Lange Zeit bevor von Intersektionalität die Rede war, denkt Maurel Klassenzugehörigkeit, Ethnizität und deren Einfluss auf die Ausbildung von sexuellem Begehren zusammen. Schwule Lebenswirklichkeit erscheint bei ihm nicht als utopischer Gegenentwurf zur heteronormativen Tristesse, sondern eher als deren fahles Abbild und notwendig verdrängtes Anderes: »Und nur weil wir marginal sind, sind wir nicht weniger bürgerlich. Unser Krebsgang, Kopf runter, Schwanz hoch, ist nur das umgekehrte Klischee der Normalität. Wir lassen die Homosexualität exakt so ablaufen, wie Heterosexuelle sie sich vorstellen, wie sie ihrem Phantasma entspricht […]«
Zwar wirft er seinen schwulen Zeitgenossen vor, sich in der Abseitigkeit eingerichtet zu haben (wovon sich heutige Leser*innen gern angesprochen fühlen dürfen), aber nichtsdestotrotz liegt für Maurel in der Sexualität ein revolutionäres Potenzial, das er mit psychoanalytischen Begriffen zu erklären versucht. Innerhalb der phallisch dominierten symbolischen Ordnung ist es das sogenannte Perverse, das irritiert – was es wiederum für emanzipatorische Politik interessant macht. Maurel richtet seine Aufmerksamkeit folglich auf den Anus, der den Bereich des schambesetzt Privaten repräsentiert. Ihn öffentlich erotisch erfahrbar zu machen, würde mit den Regeln des Begehrens letztlich weit Grundlegenderes ins Wanken bringen, glaubt er.

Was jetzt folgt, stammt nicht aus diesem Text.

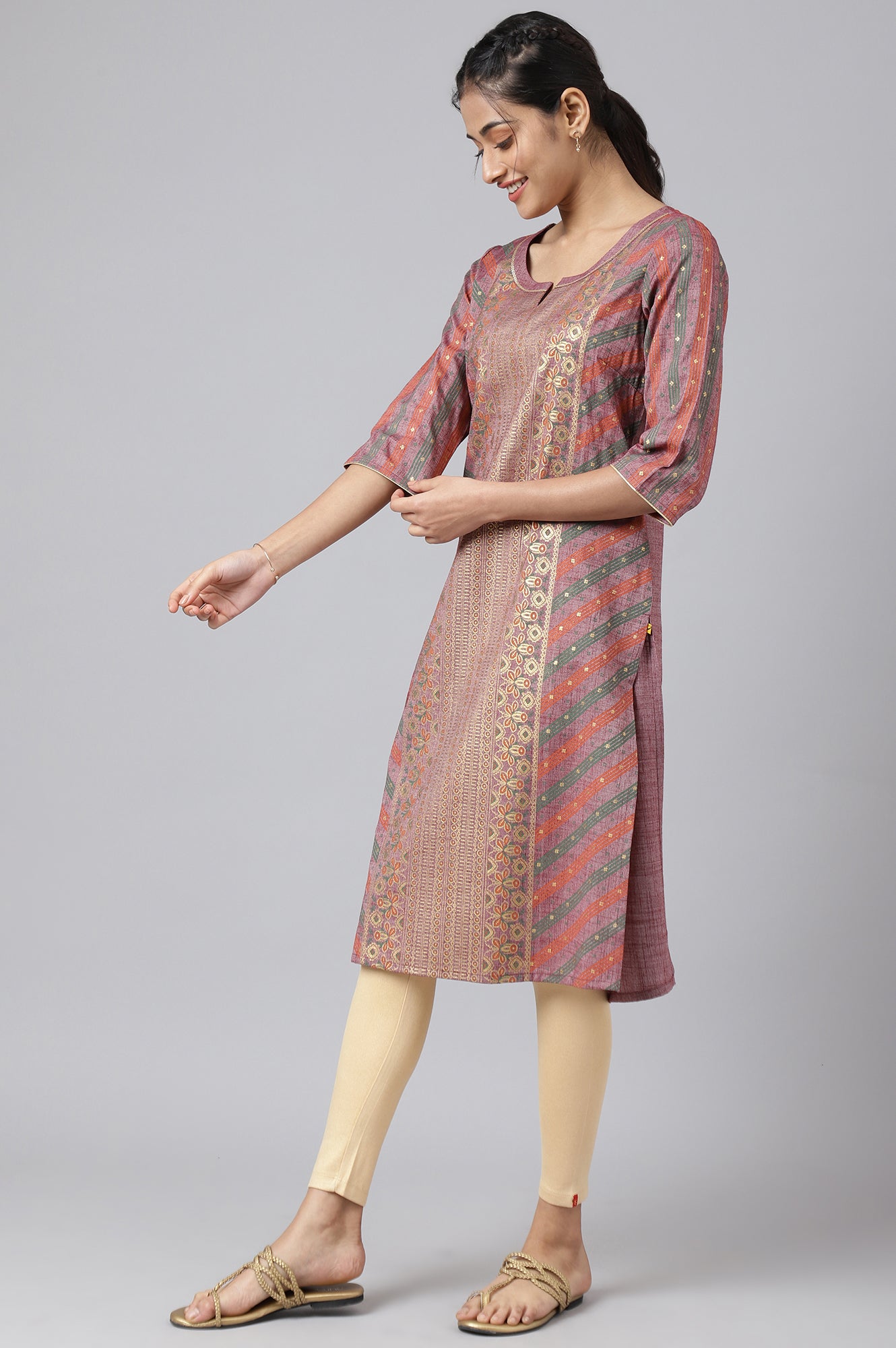 Maroon Floral Printed Sequined Ethnic kurta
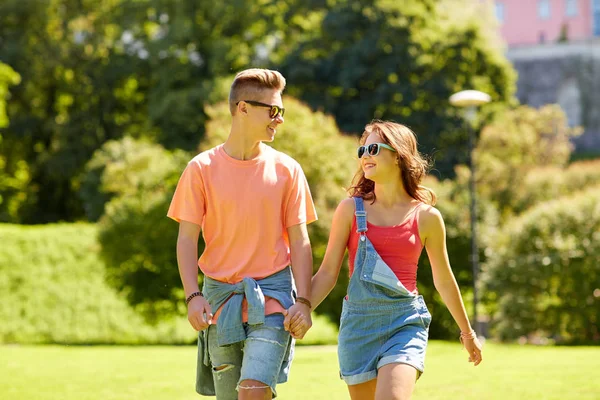 Glückliches Teenie-Paar spaziert durch Sommerpark — Stockfoto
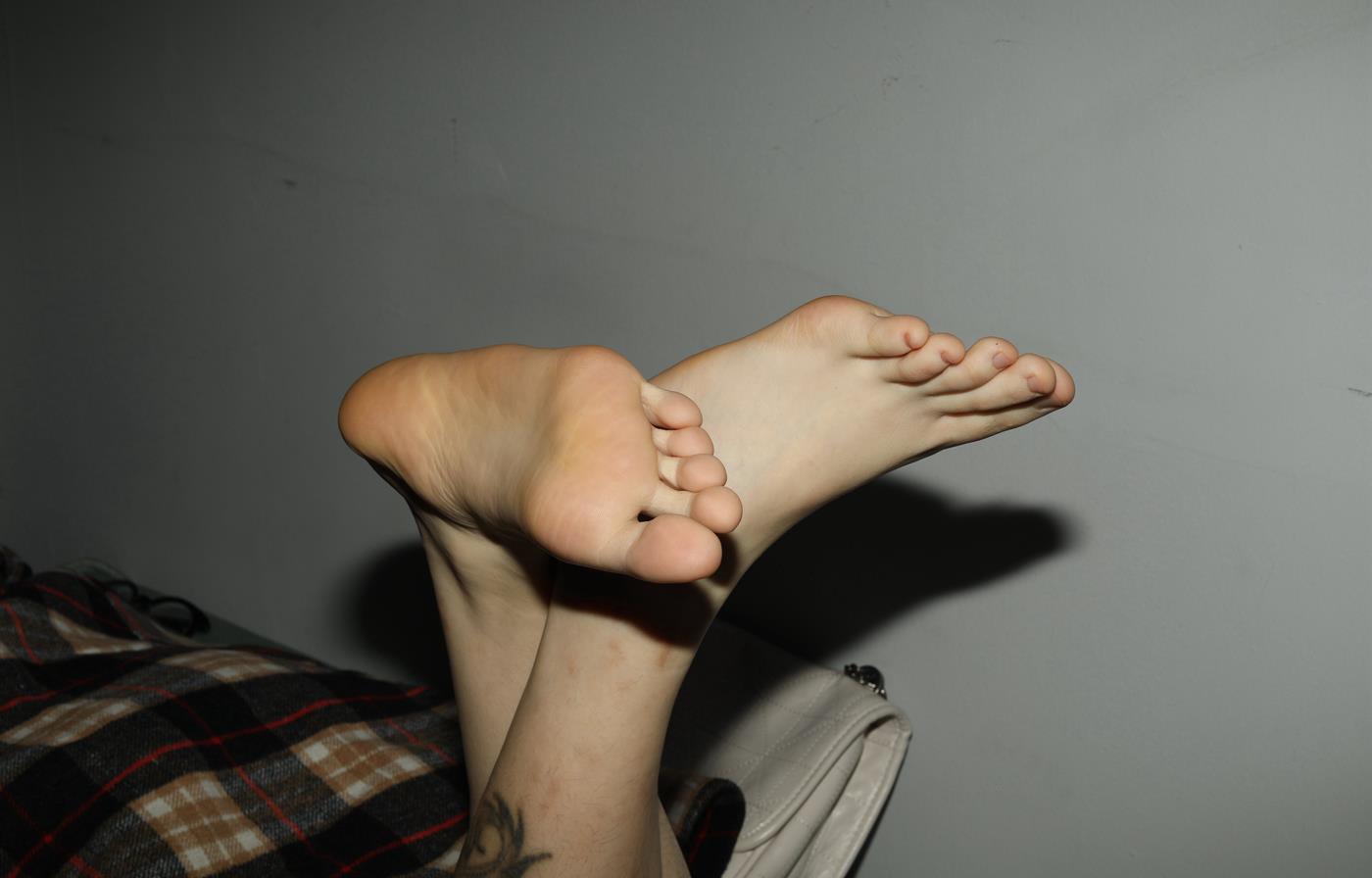 [Pary学生模拍] No.046 大美女琪琪脚底大餐，近距离脚底特写 [130P/350MB]插图4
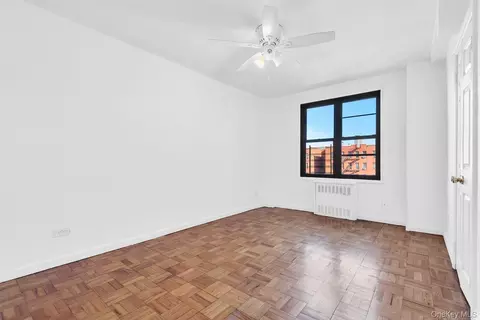 2835 Webb Ave #7E, New York, NY 10468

Zumindest hilft es, das menschliche Zueinanderkommen unter anderen Vorzeichen zu denken. Schwule Sozialität, insofern sie nicht phallisch (im Sinne von patriarchal-männerbündisch) organisiert ist, könne so
Ausgangspunkt für andere Beziehungsformen sein.
Maurels Kritik nimmt die gesamte Geschlechterordnung in den Blick: Wirkliche (sexuelle) Befreiung hieße die Loslösung von der starren Aufteilung des Wer-fickt-wen und eine Erotisierung des ganzen Körpers »[…] bis ein Mensch den Körper des Mannes so sehr wie den der Frau begehrt, angefangen bei seinem eigenen Körper, bis er vergisst, was das Männliche vom Weiblichen trennt«. In seiner Emphase für das »mehrdeutige« (also nicht heteronormativ eingehegte Begehren und für das Spiel als lustbetont-subversiver Praxis erweist sich der Autor hier als Wegbereiter queerer Theorie.
Der Neuausgabe von »Für den Arsch« ist ein kundiger Essay von Peter Rehberg beigefügt, der den Autor theoriegeschichtlich verortet und dabei auch die Entwicklung der Queer Studies bis in die Gegenwart nachvollzieht. Rehberg richtet sein besonderes Augenmerk auf das Verhältnis von Maurel zu Guy Hocquenghem, der im gleichen Umfeld aktiv war. Jenseits eines fachlich interessierten Publikums dürfte »Für den Arsch« für alle Leser*innen spannend sein, die etwas darüber erfahren möchten, wie gemacht unsere Bedürfnisse sind. Welche Rolle kann Begehren als Mobilisierungsfaktor für Politik spielen? Maurel beschäftigte sich mit den Bereichen des gesellschaftlichen Halbdunkels, die zu betrachten Aufgabe einer kritischen Theorie ist.
Christian Maurel: Für den Arsch. A. d. Frz. v. Tobias Haberkorn. Mit einem Essay v. Peter Rehberg. August-Verlag, 144 S., br., 14 €.